The topic came up this past summer during the weekly poker game among Nemiroff and some of his students. They started kicking around ideas, and an approach took shape. If time travelers had visited us, the best evidence would be references to events or developments well before they occurred. A book from 1967 mentioning President Obama, for example, would be pretty hard to explain on any other basis.
The next step was combing through enormous masses of text in search of the "informational traces" (as the paper calls them) left by presumed chrononauts. Nemiroff and his students came up with a number of events and names -- "Pope Francis," for one, since the current pontiff is the first ever to use that name -- and went looking for anachronistic references. The task would be impossible without search engines, of course, while hashtags and Google Trends made it easier to find needles in the haystack.
Or not find them, as it happened. It turns out Dr. Who has not been passing through, or at least not posting on Twitter.
Some commentators have responded, paraphrasing broadly, "Well, duh." But the paper itself points out that the project's design also covered another possibility: that "information itself could be sent back in time," rather than people. Indeed, the retro-transmission of data seems at least somewhat more credible than the idea of human time-jumper. It "would be a type of time travel that might not directly involve the backwards transport of a significant amount of energy or momentum," the paper notes.
"This might be considered, by some, a more palatable mode of backwards time travel than transferring significant amounts of matter or energy back in time, as the later might break, quite coarsely, local conservation of energy and momentum. For example, were the same person at different epochs to stand next to themselves, the energy tied into their own rest mass seems not to have been conserved. Similarly, instantaneous time travel to the same place on Earth might violate conservation of momentum, as the motion of the Earth around the Sun (etc.) might delegate a significant change in momentum for a corporeal object even over a time scale of minutes."
Passages like that make it difficult to calibrate how much tongue Nemiroff had in cheek when undertaking the project. So I asked him outright.
"The whole thing was somewhat whimsical," he said. At the same time, he considered it "a real research project," driven by the primal scientific feeling of curiosity. And the brainstorming required also had pedagogical value: "Students learned a lot about classical physics, about how time and special relativity works, while I learned more about social media. I’m 53. I don’t use hashtags that much and didn't know about Google Trends. So it was a matter of the history of physics and the hypermodern world colliding in a cool way." It also exemplified a basic principle Nemiroff learned from his mother: "She said that philosophers used to talk about how many teeth a horse had. When somebody counted them, science was born."

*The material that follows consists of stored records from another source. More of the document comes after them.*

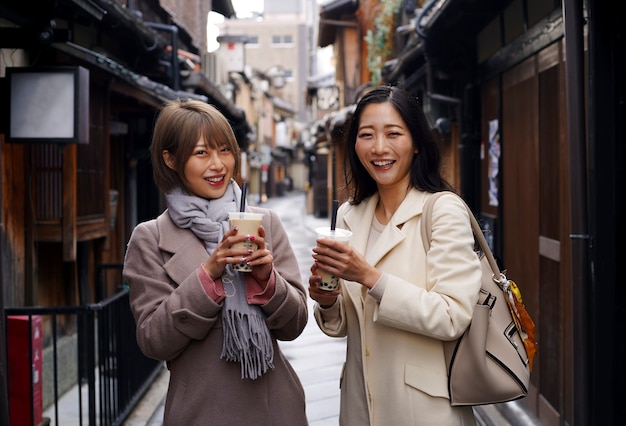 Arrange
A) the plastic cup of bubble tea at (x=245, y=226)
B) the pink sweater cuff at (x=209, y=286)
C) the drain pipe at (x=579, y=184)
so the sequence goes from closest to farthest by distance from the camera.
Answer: the plastic cup of bubble tea at (x=245, y=226), the pink sweater cuff at (x=209, y=286), the drain pipe at (x=579, y=184)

Nemiroff submitted the paper to three journals, each of which rejected it without even sending it out for review, so he decided to make it available through arXiv. The online repository, while not practicing the full-court peer-review process, does screen submissions to keep out the alchemists, perpetual-motion engineers, and suchlike. Acceptance of the paper by arXiv, like the poster session at the astronomers' meeting, is a sign that time travel remains a topic for serious scientific consideration. "It's not likely," he told me, "but you can’t point to laws that preclude it."
For that matter, his reported findings don't rule out the possibility of time-travelers among us. They might be very discreet about what they know. Besides, as the old saying goes, the absence of evidence is not evidence of absence.